Ozawa Can't Run from Congressional Testimony

This political leader has a responsibility both politically and morally; the Diet is the nation's ultimate authority, so avoiding testimony there would strip Ozawa of any right to continue as a representative; he should resign!

Ichiro Ozawa should not be allowed to escape from testifying in the Diet. He bears great responsibility as a long-serving political representative. A political leader such as Ozawa has more than a legal responsibility to do the right thing -- he can't shirk his political and moral responsibilities either.

Ozawa should go to the Diet and testify about the problems he faces. If he runs, he abdicates his responsibilities as a Diet representative. Ozawa is a leading politician. He needs to set an example. If he can't do this, he should end his political career and resign from the Diet.

For more on this story, click here.

Wednesday, November 3, 2010

Major Crimes against the State

It's a major crime against the state to use the power of the prosecutor's office to inflict human rights violations; the public prosecutors who did this need to be severely punished.

Many defendants have come forward to say that the public prosecutor's office used a secret interrogation room to threaten and inflict mock-executions and torture on the defendants until they signed on to the stories made up by the prosecutors.

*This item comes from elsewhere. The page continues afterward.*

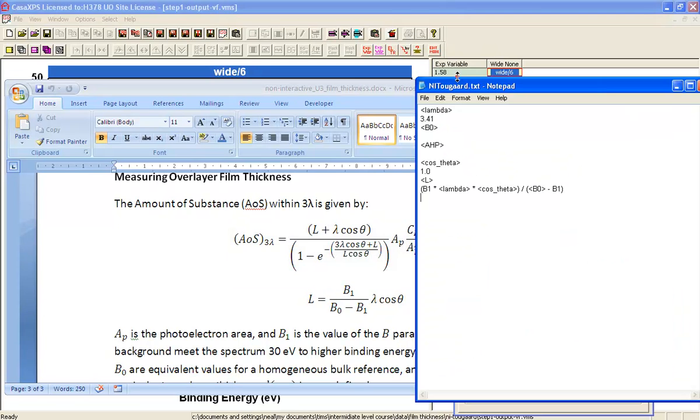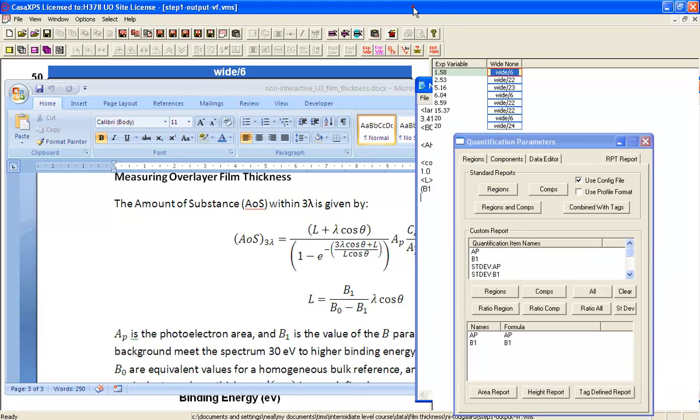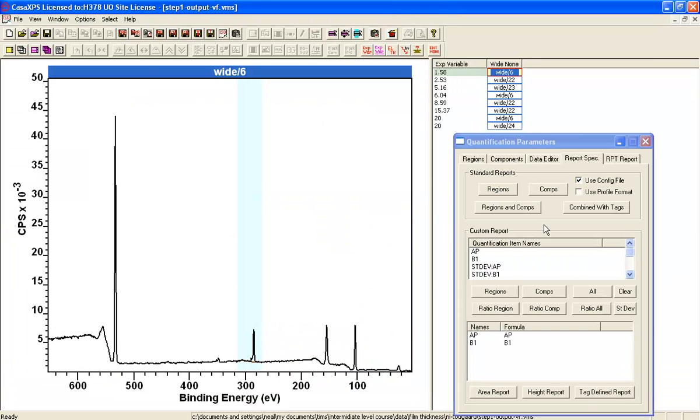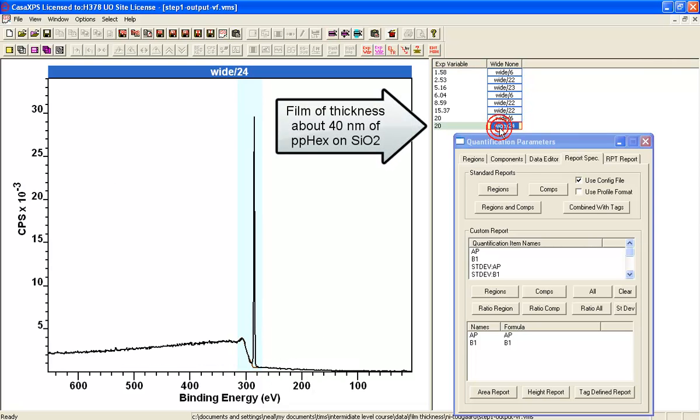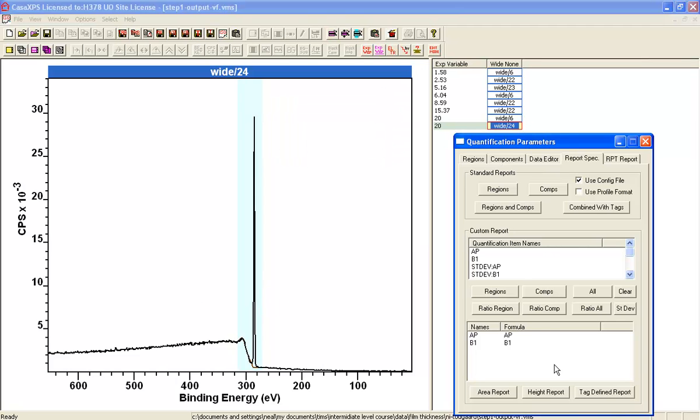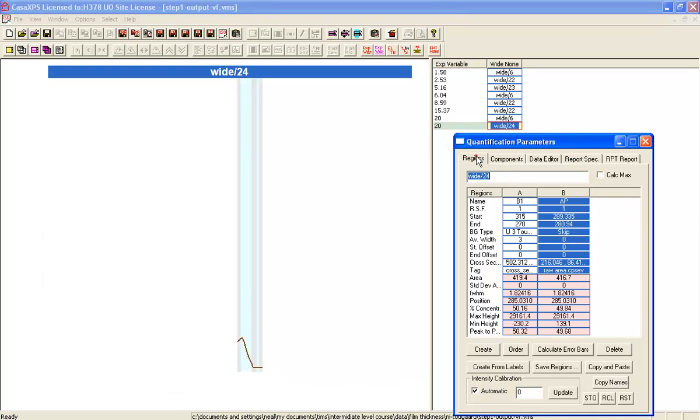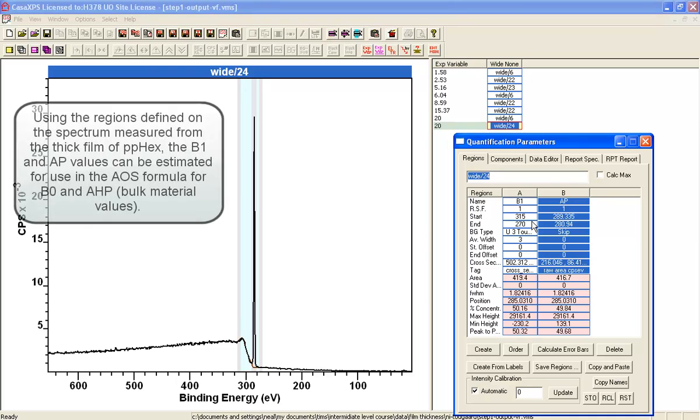So let's now actually work out what these values for B0 and AHP might be from the data that we've got. That looks like the thickest film. So what we'll do is we will use the values that are being calculated for B1 and AHP from this thickest film to represent our thick layer of PP hex.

This is a major state crime. But the prosecutors who presided over these inhuman acts go largely unaccused of any misdeeds. We can't overlook this.

While the Osaka District Public Prosecutor's Office was shaken to the core when word of the evidence-tampering scandal involving Tsunehiko Maeda of the special investigation unit surfaced, the Supreme Public Prosecutor's Office has practically succeeded in making it a case for the Osaka office alone to work out. The mass media has helped by circling the wagons.

But the whole country knows that Maeda is just the tip of the iceberg. An overhaul of the whole prosecutor's system is necessary. At the very least, we need to take a scalpel to the current status quo, where the special investigations division of the public prosecutor's office has the right of arrest and the right of prosecution at the same time. In fact, the office's power is untethered.

The Diet should enact laws that make investigations transparent. The Diet should pass a resolution that to overcome human rights violations, transparency laws should govern investigations. The Maeda incident will not be resolved if it is framed as an Osaka prosecutor's problem. A complete overhaul of the Public Prosecutor's Office is needed.